[Stored dataset items]
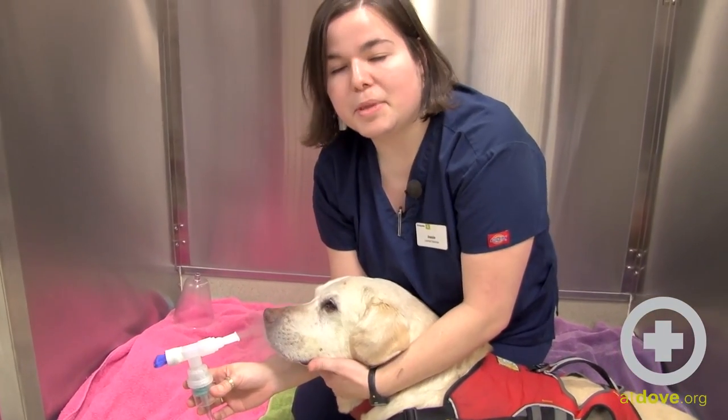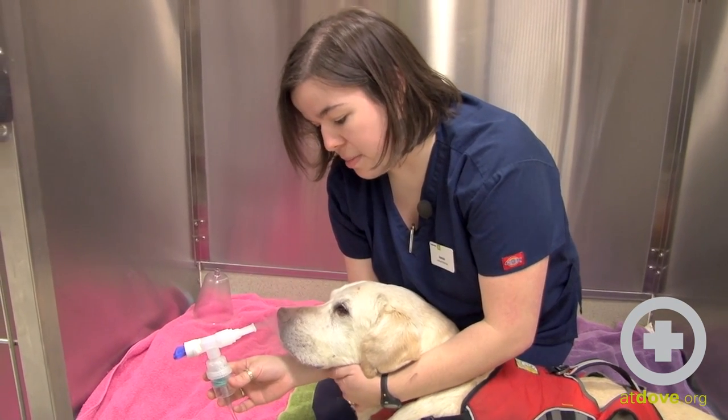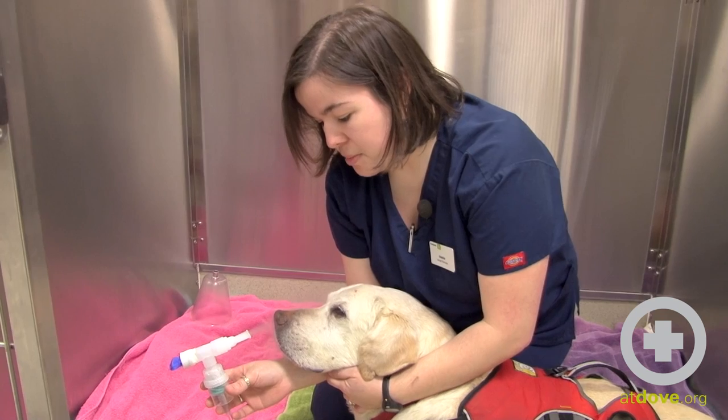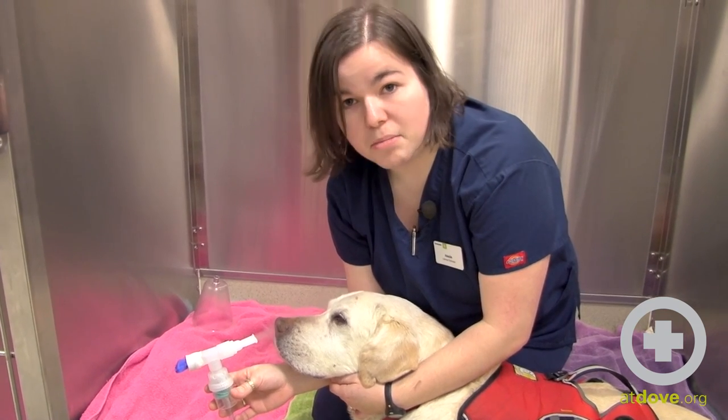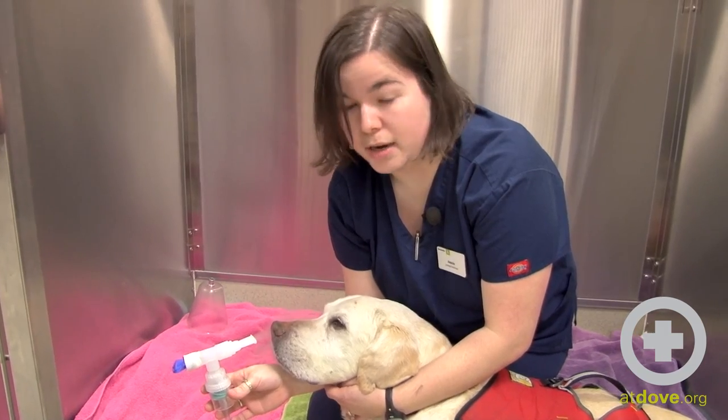We try to keep the patient as sternal as possible, keep them in a comfortable position while we nebulize them. We want them to breathe in this mist for about five to ten minutes to help thin out as much of those secretions as we can and give them the best opportunity to get them out.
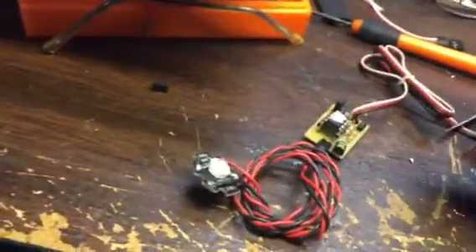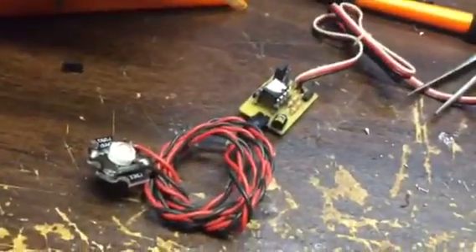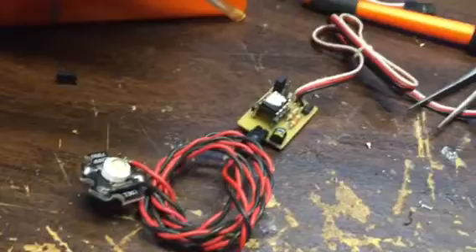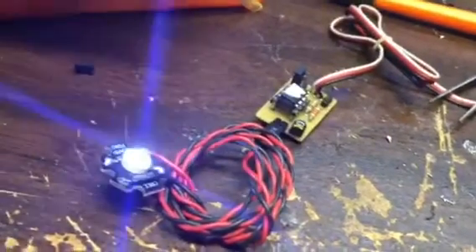Just a quick video of some new firmware here that will, instead of just being a rotating beacon simulator, also do six different flash patterns. When you boot it up, the first pattern is a rotating beacon.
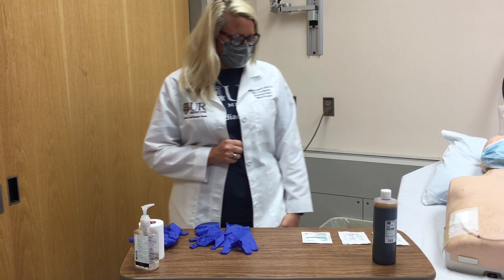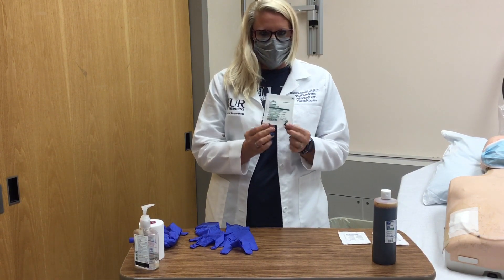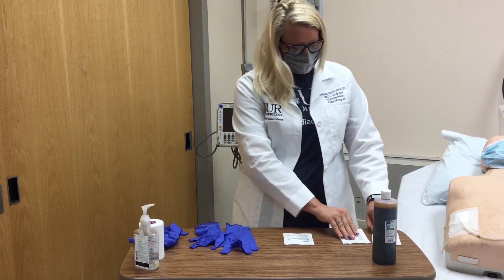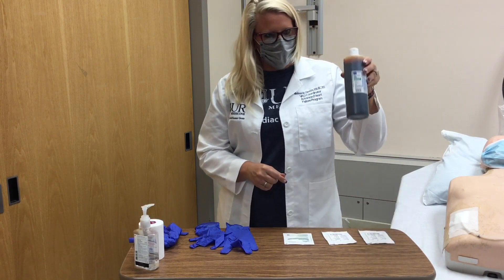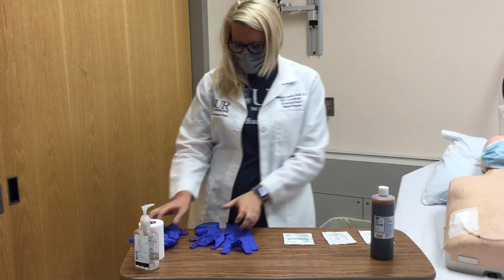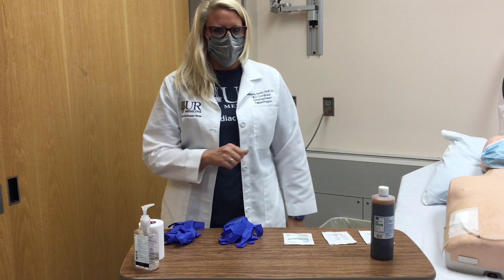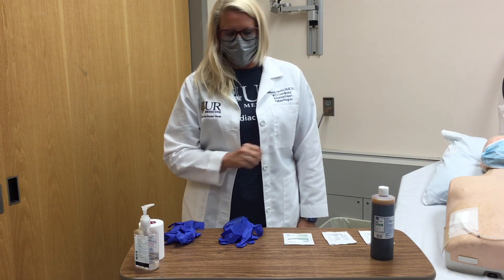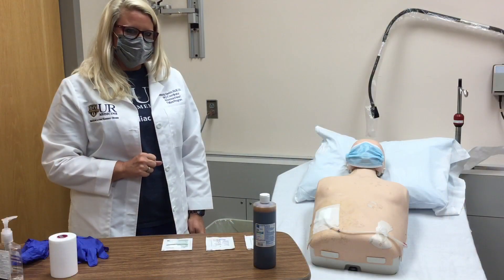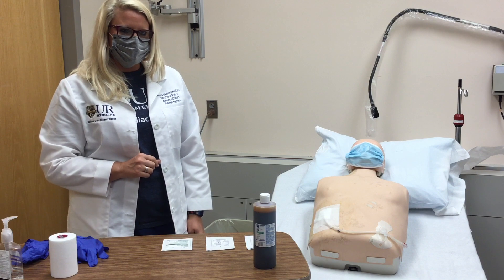Next, we are going to gather our products: one split gauze packet, two gauze pad packets, a bottle of betadine, two pairs of gloves, and masks — one for yourself and one for the patient. And lastly, one roll of metaphor tape. If you are not using masks, have the patient turn their head away from the site while performing the dressing change.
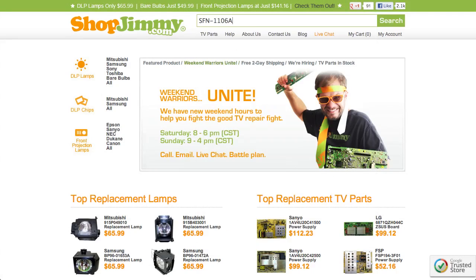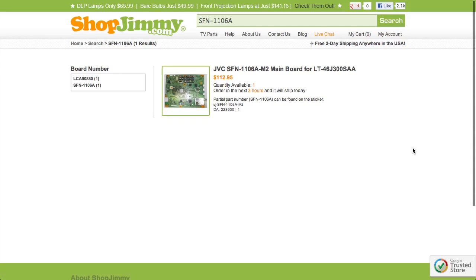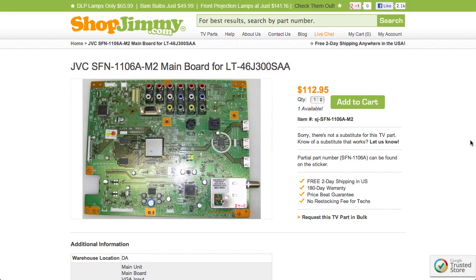Search your part number on shopjimmy.com to find a compatible replacement. Some JVC part numbers can have a two-character suffix added at the end of it. These may or may not be printed on the label. Please be sure to look for part number tips on ShopJimmy product pages.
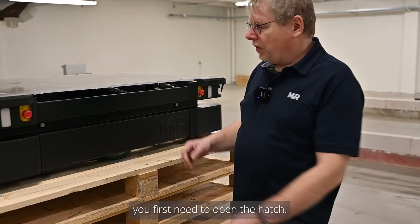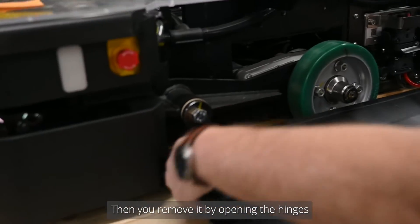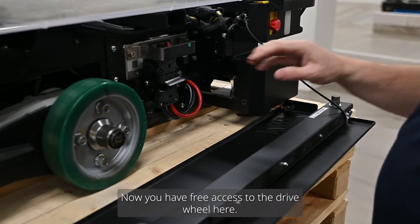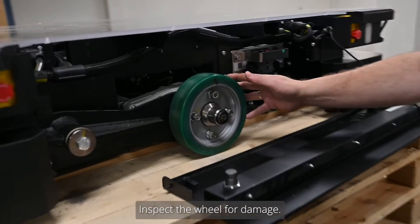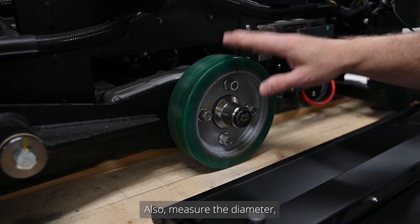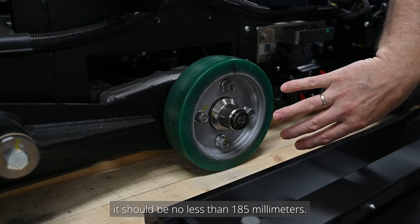To inspect the drive wheel, you first need to open the hatch, then remove it by opening the hinges at the bottom and put it to one side. Now you have free access to the drive wheel. Inspect the wheel for damage and ensure there are no flat spots. Also measure the diameter — it should be no less than 185 millimeters.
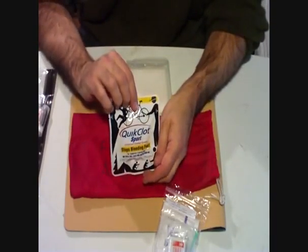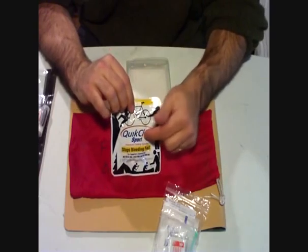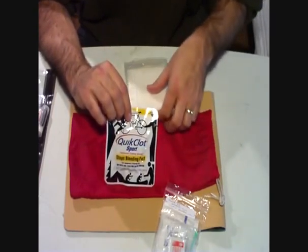Quick Clot — ten dollars. So actually I said ninety dollars total before — I forgot about this. This is another ten bucks just for this one thing right here.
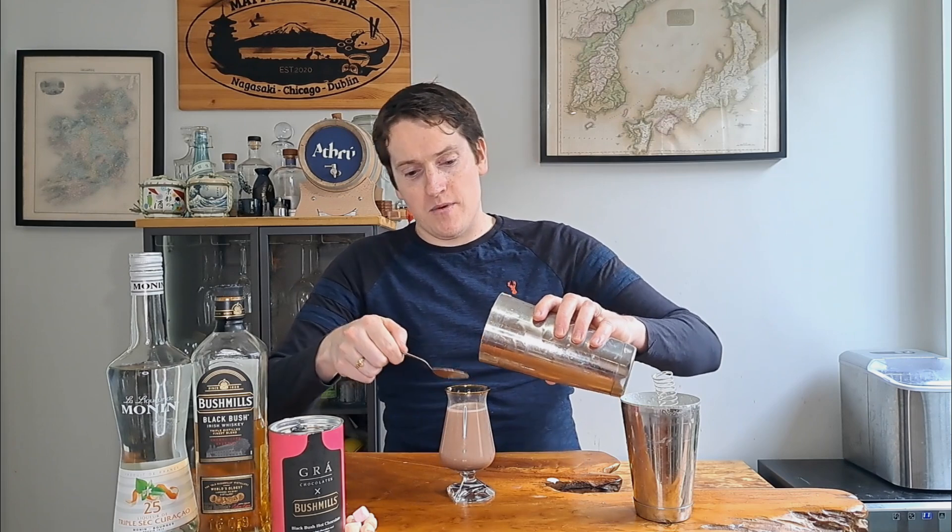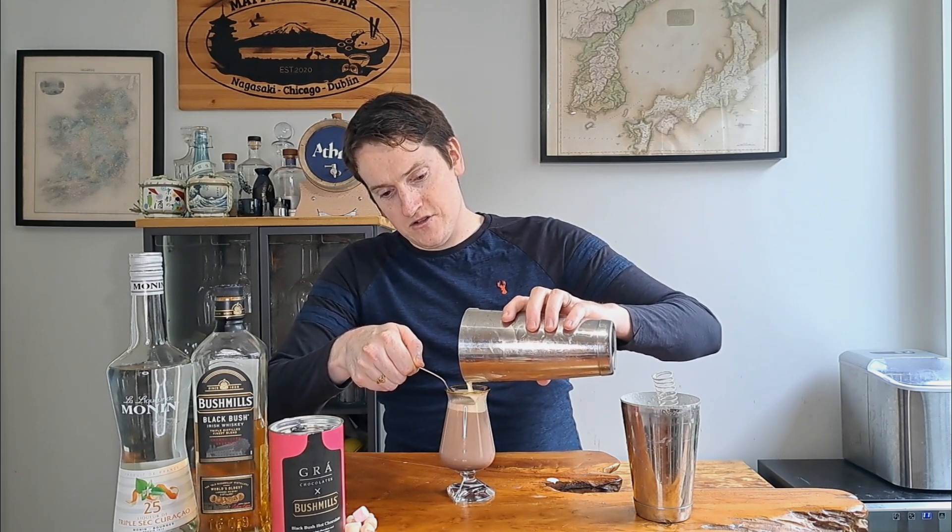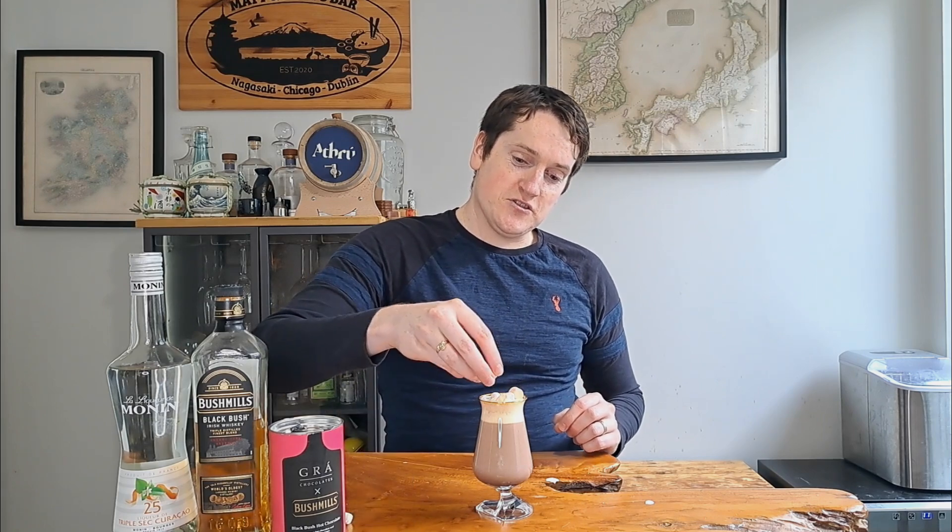For the cream, I use the spring from my cocktail shaker, pop it into the glass with a good bit of double cream — heavy cream if you're in America. Just shake it for about 10 seconds to get a light whip on it. We don't want it over-whipped, just enough to float over the top. Use a spoon to layer it on — heavy cream floats well due to its higher fat content. Finally, add a couple of marshmallows over the top.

Directions —
Each record above should be returned unchanged, except that the pictures are dropped.

Solution —
We try to keep the patient as sternal as possible, keep them in a comfortable position while we nebulize them. We want them to breathe in this mist for about five to ten minutes to help thin out as much of those secretions as we can and give them the best opportunity to get them out.
Just a quick video of some new firmware here that will, instead of just being a rotating beacon simulator, also do six different flash patterns. When you boot it up, the first pattern is a rotating beacon.
Next, we are going to gather our products: one split gauze packet, two gauze pad packets, a bottle of betadine, two pairs of gloves, and masks — one for yourself and one for the patient. And lastly, one roll of metaphor tape. If you are not using masks, have the patient turn their head away from the site while performing the dressing change.
Search your part number on shopjimmy.com to find a compatible replacement. Some JVC part numbers can have a two-character suffix added at the end of it. These may or may not be printed on the label. Please be sure to look for part number tips on ShopJimmy product pages.
To inspect the drive wheel, you first need to open the hatch, then remove it by opening the hinges at the bottom and put it to one side. Now you have free access to the drive wheel. Inspect the wheel for damage and ensure there are no flat spots. Also measure the diameter — it should be no less than 185 millimeters.
Quick Clot — ten dollars. So actually I said ninety dollars total before — I forgot about this. This is another ten bucks just for this one thing right here.
For the cream, I use the spring from my cocktail shaker, pop it into the glass with a good bit of double cream — heavy cream if you're in America. Just shake it for about 10 seconds to get a light whip on it. We don't want it over-whipped, just enough to float over the top. Use a spoon to layer it on — heavy cream floats well due to its higher fat content. Finally, add a couple of marshmallows over the top.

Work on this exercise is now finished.